Thursday, April 16, 2015

Agapic Self —having agapé for oneself

Each of us is created in such a way that we have a special spiritual power deep in the center of our being. This blog is based on the 2,000-year old Greek tradition of designating that power with the term “agapé.” I call it a spiritual power because it is capable of opening us up spiritually.

When we fully, honestly accept the transforming process that agape [for convenience I decided to drop the accented é], can do for us, we usually experience that process as having agape for oneself. Sometimes a person’s early childhood experiences and training and indoctrination causes a life-long search to be able to have agape for oneself.

The first awareness of that search is expressed as “loving oneself.” Such a search is advanced tremendously when we can deeply believe that we can have agape for ourselves as God has agape for us. But eventually, as we are able to let agape work within us, we experience agape opening us up spiritually. Then we are able to gain the realization that agape is transforming our ‘sense of self’ so that we find out that what we thought of ‘our self’ is not our true self.

I call this the beginning of agapic transformation. (“Agapic” is a new word that came to me the other day. I’m not familiar enough with Greek to know if there actually is a word to express what I was wanting to describe, so I’ll just stick with that word and use it for the expression “Agapic Self.”) In agapic transformation we learn that our true self is spiritual, and thus we are able to get beyond any false identification with the defense mechanisms that developed within us from early childhood experiences and became very confused during and shortly after puberty.

What I’m trying to describe is the original core of the being each of us was created to be. We were created with agape “poured into our heart-center” (as the ancient religious leader, Paul, would say). So that at base of our being we are agape. We can describe that self, which is meant to develop from that new beginning — our true self -- as our “agapic self.” When I capitalized it in the previous paragraph, I was expressing my belief that it is divine: we are a small part of the one, flowing, vast Agapic Self.
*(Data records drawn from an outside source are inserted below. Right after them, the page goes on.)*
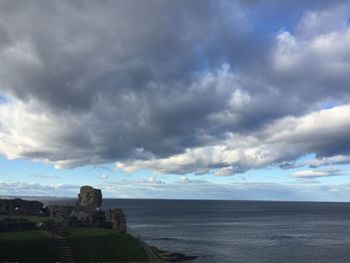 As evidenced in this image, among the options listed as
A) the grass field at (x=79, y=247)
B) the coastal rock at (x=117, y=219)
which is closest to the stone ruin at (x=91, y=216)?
the coastal rock at (x=117, y=219)

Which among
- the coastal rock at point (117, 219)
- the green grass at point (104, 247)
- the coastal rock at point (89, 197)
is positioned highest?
the coastal rock at point (89, 197)

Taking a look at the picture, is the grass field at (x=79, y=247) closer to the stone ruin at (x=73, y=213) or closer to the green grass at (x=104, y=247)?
the green grass at (x=104, y=247)

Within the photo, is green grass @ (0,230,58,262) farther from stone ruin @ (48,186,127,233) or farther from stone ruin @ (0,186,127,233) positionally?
stone ruin @ (48,186,127,233)

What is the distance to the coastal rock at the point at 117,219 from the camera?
78231 mm

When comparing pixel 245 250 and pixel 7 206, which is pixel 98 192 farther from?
pixel 245 250

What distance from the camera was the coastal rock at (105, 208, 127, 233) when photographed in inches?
3080

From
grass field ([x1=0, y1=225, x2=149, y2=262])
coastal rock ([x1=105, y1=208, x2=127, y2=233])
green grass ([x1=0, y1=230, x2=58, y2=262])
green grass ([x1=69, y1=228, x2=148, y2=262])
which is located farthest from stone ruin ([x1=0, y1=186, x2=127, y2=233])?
green grass ([x1=0, y1=230, x2=58, y2=262])

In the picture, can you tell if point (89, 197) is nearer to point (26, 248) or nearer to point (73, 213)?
point (73, 213)

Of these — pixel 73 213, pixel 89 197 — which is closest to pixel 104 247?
pixel 73 213

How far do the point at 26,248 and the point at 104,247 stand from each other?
11468 mm

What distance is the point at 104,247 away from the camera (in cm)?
6600

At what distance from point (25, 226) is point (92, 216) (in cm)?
1432

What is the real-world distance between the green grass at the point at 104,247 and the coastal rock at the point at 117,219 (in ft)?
19.9

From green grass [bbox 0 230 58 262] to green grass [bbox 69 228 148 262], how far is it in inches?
143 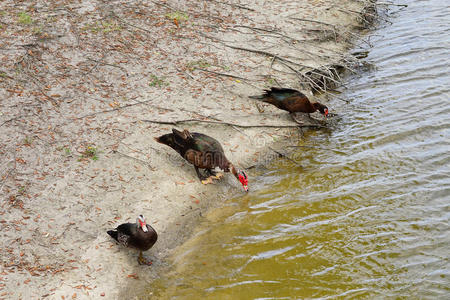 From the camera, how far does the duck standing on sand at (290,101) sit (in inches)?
351

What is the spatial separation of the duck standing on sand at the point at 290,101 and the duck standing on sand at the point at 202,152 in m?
2.31

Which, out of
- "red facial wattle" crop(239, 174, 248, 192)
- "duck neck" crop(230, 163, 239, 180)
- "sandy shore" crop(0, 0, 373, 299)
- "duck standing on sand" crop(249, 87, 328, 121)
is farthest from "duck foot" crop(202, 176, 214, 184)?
"duck standing on sand" crop(249, 87, 328, 121)

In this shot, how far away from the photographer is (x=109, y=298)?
5.42 meters

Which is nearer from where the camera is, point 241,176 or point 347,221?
point 347,221

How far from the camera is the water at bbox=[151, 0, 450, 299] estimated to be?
5.53 metres

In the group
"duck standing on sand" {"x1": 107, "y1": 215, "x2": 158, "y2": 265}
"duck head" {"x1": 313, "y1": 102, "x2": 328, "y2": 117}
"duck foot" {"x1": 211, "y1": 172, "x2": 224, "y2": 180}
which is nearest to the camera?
"duck standing on sand" {"x1": 107, "y1": 215, "x2": 158, "y2": 265}

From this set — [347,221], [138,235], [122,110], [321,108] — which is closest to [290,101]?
[321,108]

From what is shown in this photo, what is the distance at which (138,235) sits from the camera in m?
5.64

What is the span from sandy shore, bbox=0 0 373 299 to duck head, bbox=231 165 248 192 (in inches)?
11.3

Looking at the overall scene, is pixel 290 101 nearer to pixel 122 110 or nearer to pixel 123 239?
pixel 122 110

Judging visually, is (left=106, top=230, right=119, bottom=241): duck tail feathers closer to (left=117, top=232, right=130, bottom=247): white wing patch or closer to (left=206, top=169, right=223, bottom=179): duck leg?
(left=117, top=232, right=130, bottom=247): white wing patch

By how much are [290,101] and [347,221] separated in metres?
3.30

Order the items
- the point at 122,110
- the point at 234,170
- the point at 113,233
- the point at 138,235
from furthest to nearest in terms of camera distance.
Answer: the point at 122,110 → the point at 234,170 → the point at 113,233 → the point at 138,235


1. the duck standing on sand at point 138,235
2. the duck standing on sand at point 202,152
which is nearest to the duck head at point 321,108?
the duck standing on sand at point 202,152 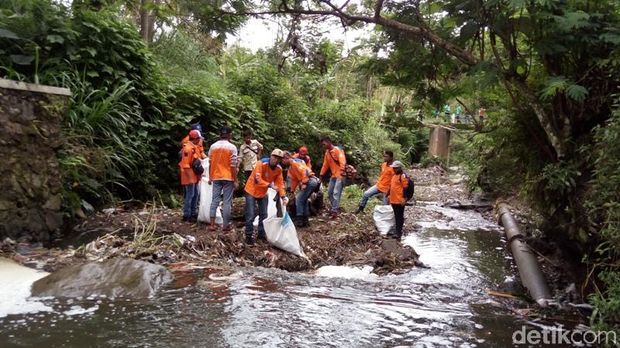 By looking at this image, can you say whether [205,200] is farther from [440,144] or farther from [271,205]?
[440,144]

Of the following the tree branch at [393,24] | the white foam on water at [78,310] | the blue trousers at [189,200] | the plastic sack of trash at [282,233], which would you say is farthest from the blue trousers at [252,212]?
the white foam on water at [78,310]

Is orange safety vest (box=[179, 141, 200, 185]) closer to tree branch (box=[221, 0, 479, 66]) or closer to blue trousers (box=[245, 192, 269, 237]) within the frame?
blue trousers (box=[245, 192, 269, 237])

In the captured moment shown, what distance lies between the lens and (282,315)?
4793 millimetres

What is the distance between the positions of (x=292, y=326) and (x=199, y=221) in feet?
15.1

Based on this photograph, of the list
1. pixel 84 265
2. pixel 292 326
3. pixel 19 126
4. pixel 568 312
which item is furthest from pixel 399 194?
pixel 19 126

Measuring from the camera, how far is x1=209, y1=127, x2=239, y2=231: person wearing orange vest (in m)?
8.06

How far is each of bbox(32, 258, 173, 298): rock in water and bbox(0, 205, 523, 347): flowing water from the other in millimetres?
170

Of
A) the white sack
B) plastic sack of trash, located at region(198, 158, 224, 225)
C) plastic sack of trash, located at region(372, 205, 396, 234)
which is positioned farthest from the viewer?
plastic sack of trash, located at region(372, 205, 396, 234)

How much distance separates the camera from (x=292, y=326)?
14.9ft

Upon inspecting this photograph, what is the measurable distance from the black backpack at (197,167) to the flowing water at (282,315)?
2.68 m

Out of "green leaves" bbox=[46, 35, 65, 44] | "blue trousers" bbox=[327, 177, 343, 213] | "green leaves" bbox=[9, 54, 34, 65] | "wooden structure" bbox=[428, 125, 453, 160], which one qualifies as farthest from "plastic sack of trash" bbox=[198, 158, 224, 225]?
"wooden structure" bbox=[428, 125, 453, 160]

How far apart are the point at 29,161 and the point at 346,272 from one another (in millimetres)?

But of course, something must have gone wrong in most of us because we grew to think we could ignore the spiritual power of agape in our heart-center. Such ignoring happened as our defense mechanisms grew stronger. Many spiritual traditions give such a process of false identifying the name “ego-identity” (or abbreviated, “ego”). At an important point in your adulthood, you find a deep-seated need to make a choice: either continue trying to function with the dangerous ego-identity or fully accept a new identity with agapic self.

If you have the strength and courage to choose to get beyond any ego-identity, at first you will experience an internal struggling. We are told in Western Civilization that we have to fear the loss of identity. The internal struggling comes from such fear. So first we have to face then overcome that fear. What helps is the realization that such a fear is unfounded.